### Problem to work on
Would you please return every line from the listing that contains the word "cancer"?

### Input material
----------
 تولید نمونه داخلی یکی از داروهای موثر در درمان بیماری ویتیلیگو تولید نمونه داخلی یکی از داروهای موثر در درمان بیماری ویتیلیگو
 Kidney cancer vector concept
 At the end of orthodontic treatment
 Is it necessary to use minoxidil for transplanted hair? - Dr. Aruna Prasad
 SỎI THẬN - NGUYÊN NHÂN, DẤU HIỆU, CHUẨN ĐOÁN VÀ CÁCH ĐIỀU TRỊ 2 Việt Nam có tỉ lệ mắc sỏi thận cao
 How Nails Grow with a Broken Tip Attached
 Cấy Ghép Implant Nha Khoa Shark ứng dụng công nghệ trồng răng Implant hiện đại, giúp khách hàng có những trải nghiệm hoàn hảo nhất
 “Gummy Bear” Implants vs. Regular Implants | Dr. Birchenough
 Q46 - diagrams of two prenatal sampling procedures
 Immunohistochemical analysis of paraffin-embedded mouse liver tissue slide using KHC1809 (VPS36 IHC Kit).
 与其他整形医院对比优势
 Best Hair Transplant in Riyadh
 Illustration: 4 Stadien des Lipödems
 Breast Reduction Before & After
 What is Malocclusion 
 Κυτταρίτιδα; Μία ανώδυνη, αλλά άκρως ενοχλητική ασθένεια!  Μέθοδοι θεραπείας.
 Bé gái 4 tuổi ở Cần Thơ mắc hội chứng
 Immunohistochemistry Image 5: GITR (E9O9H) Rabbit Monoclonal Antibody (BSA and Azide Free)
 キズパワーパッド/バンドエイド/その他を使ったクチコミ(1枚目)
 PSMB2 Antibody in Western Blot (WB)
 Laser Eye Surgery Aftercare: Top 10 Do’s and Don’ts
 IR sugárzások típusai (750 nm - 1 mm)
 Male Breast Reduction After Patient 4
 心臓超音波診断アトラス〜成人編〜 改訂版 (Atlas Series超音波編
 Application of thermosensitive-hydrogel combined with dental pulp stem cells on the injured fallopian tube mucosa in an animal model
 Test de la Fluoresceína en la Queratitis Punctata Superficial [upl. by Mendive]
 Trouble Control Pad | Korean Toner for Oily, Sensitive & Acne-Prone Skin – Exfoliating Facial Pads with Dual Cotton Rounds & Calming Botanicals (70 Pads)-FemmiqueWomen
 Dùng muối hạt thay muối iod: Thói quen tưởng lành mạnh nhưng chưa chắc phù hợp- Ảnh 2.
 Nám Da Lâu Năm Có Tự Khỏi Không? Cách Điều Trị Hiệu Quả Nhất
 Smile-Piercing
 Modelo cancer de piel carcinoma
----------
### Solution for this task
 Kidney cancer vector concept
 Modelo cancer de piel carcinoma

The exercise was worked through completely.